DEVOPSdigest

JFrog introduced JFrog Curation, an automated DevSecOps solution designed to thoroughly vet and block malicious open source or third-party software packages and their respective dependencies before entering an organization’s software development environment.

Natively integrated with JFrog Artifactory binary repository, JFrog Curation uses binary metadata for identification of malicious packages with higher-severity CVEs, operational, or license compliance issues – removing the need to download each package for scanning before use, which preserves developer speed and ease.

“Software developers use millions of open source components to accelerate project delivery and gain a competitive edge, but this practice could be abused to inject malicious packages and vulnerabilities to the code – increasing the risk of software supply chain attacks,” said Asaf Karas, CTO of Security, JFrog. “Application security must be taken seriously and looked at holistically from the point of creation through runtime on edge devices. JFrog Curation takes the ‘shift left’ concept to the next level by automatically blocking use of risky open source software packages before entry to an organization, drastically reducing a company’s overall attack surface without compromising on speed or the developer experience.”

JFrog Curation also validates incoming software packages against JFrog’s Security Research library of recorded Critical Vulnerabilities Exposures (CVE) and publicly available information to help establish a trusted repository of pre-approved, third-party software components for use in development. By effectively bridging public package repositories, developers, production, and security personas, JFrog Curation helps improve efficiency while preventing time-consuming and costly remediation efforts later.

JFrog Curation is designed to enable developers, security leaders, and DevSecOps engineers to:

- Vet and block open source software components without compromising the developer experience or speed.
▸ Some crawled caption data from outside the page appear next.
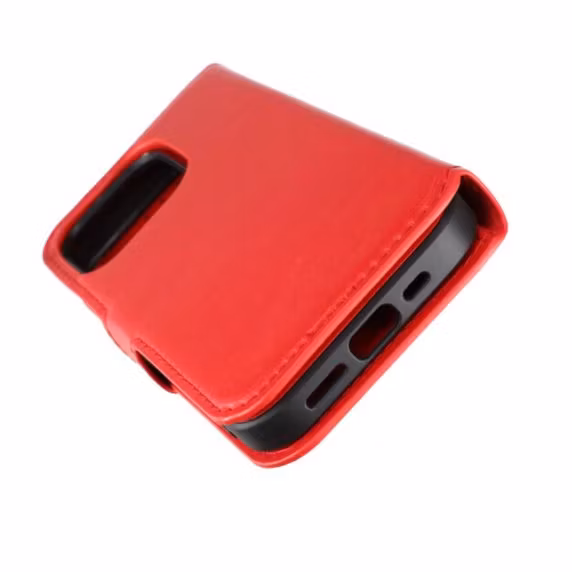 iPhone 15 Pro Plånboksväska Magnet Röd
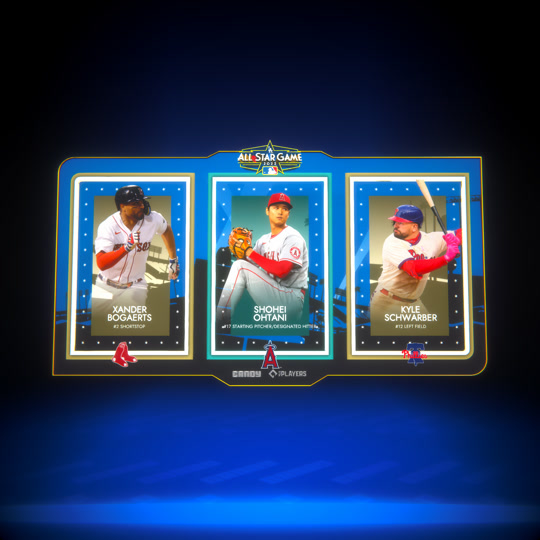 2022 Tricon Bogaerts Ohtani Schwarber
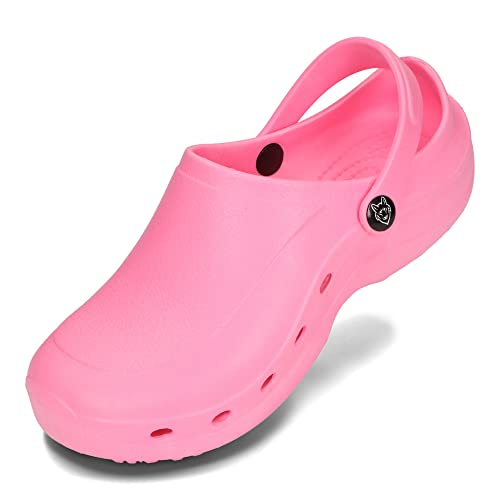 PLAME Damen Eva Clogs Gartenclogs Freizeitschuhe Wasserdicht Sehr Leicht Gartenschuhe 36-41 EU (Rosa, EU Schuhgrößensystem, Erwachsene, Numerisch, M, 38) von PLAME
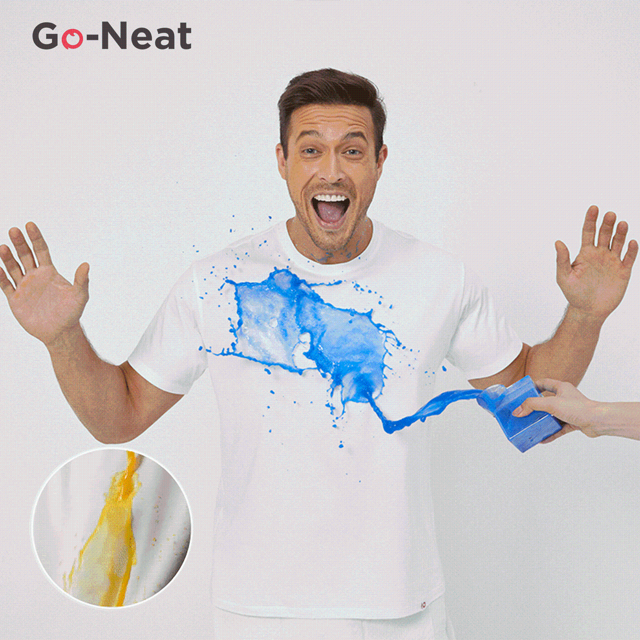 PatPat Go-Neat T-Shirt Hydrofuge et Résistant aux Taches pour Hommes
- Have central visibility and governance of every open source package requested by a developer or build tool with accurate, metadata-based insights on all infected packages, with actionable advice on ways to remediate.

- Create a comprehensive and transparent audit trail to help organizations comply with current and emerging regulatory requirements.

- Optimize the developer experience with frictionless, validated software component retrieval.

- Avoid the unruly sprawl of various tool suites through its integration with the JFrog Software Supply Chain Platform, which provides consistent, automated processes across development environments.